Skill, technique, luck, patience, and persistence all come into play in nature photography. These factors also play a key role in many other outdoor activities like birding and fly-fishing. I am not a golfer or a hunter, however I am sure these factors are important there too. The luck component is what keeps me interested in nature photography. Not knowing what you might see on any given outing keeps things interesting. Being prepared, with the right camera settings and able to quickly adapt as something jumps out in front of me increases the probability that a lucky sighting will result in a good photo.
The image of the two snuggling owls and the hummingbird above is an example. This image was taken on one of my daily walks with Melinda and our three vizlsas. Sometimes I bring a camera along on these walks. This particular day I had a very long lens (840mm) in hopes that I might see some interesting birds. We are lucky to live in a rural area with abundant wildlife and the enchanting light of Northern New Mexico. Far down the trail ( ~ 150 meters) I saw these two Great Horned Owls and quickly captured a few images before they flew away. The hummingbird in the background was shear luck. So was the moment in time where they were nuzzling together. I was persistent in the sense of bringing my camera and long lens along with me. The conditions were about as challenging as one could experience — three dogs and two hikers are not exactly a stealthy approach!
The majority of my photography outings involve more planning than this. For example, camping out in the desert for days to focus on wild mustangs or spending time in the Alaskan wilderness to photograph bears. Luck is still a big factor though on these trips. A unwritten rule is that if I am out photographing bears, then I will see something cool that I did not expect. I can never predict what that might be. This “rule” seems so ubiquitous that we often laugh about it. (Bring an umbrella, it won’t rain; do not bring a net when fishing, and you will catch the biggest trout ever; leave your camera at home, and see the most incredible sunset).
Melinda, an incredible watercolor artist, reminds me of what she calls “artist eyes”, where over time you develop a sense of what is good light and interesting scenes. Being able to spot these and respond to them is the trick. Now when I see something interesting as a I am driving along on a road, or hiking up a trail, I tell myself “stop and experience it” — with or without my camera. I do not always follow through with this — and that is a mistake.
We live in a place where artists have considered to be magical for centuries – Northern New Mexico.

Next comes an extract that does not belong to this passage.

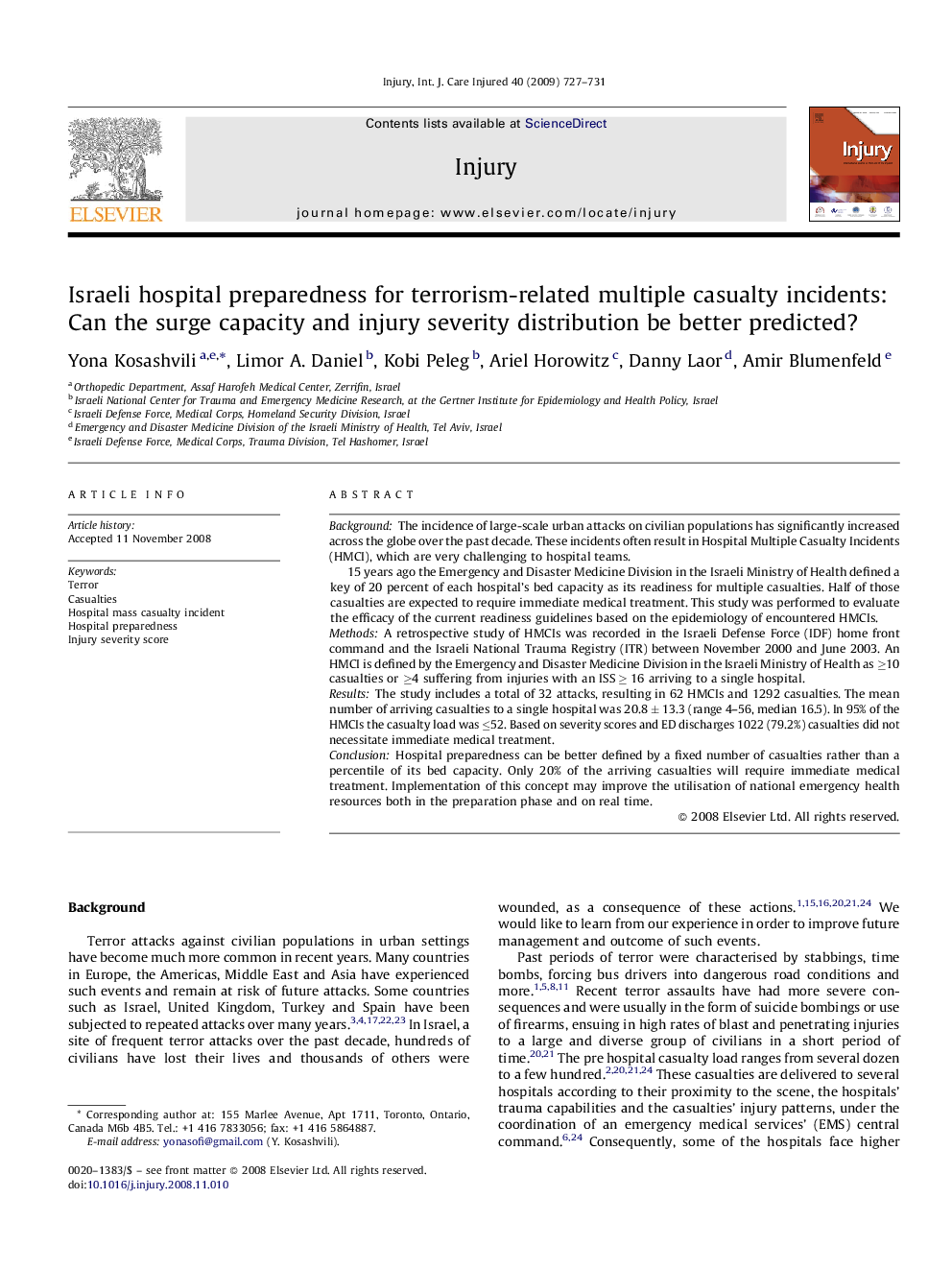 Israeli hospital preparedness for terrorism-related multiple casualty incidents: Can the surge capacity and injury severity distribution be better predicted?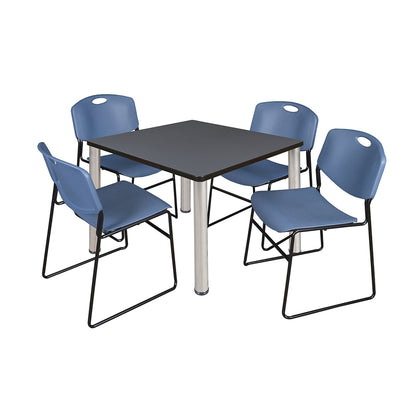Kee 36" Square Breakroom Table- Grey/ Chrome & 4 Zeng Stack Chairs- Blue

It is a “target rich environment” that I frequently take for granted. It is easy to become complacent and “get used to” the incredible light and wildlife around us. On those days when I do not have my camera I try to still pull over and take a moment to watch the incredible sunset or listen to the owl calling. Interestingly, I think those moments are etched into my memory more than the ones where I did take a photo.
I think the “luckiest” image I have ever captured is “You Love the Thunder”, shown below. That image resulted from a very lucky moment in time and persistence. You can read more about that image here.
“You Love the Thunder”. A Great Horned Owl watches a lightning storm over Nambé, New Mexico.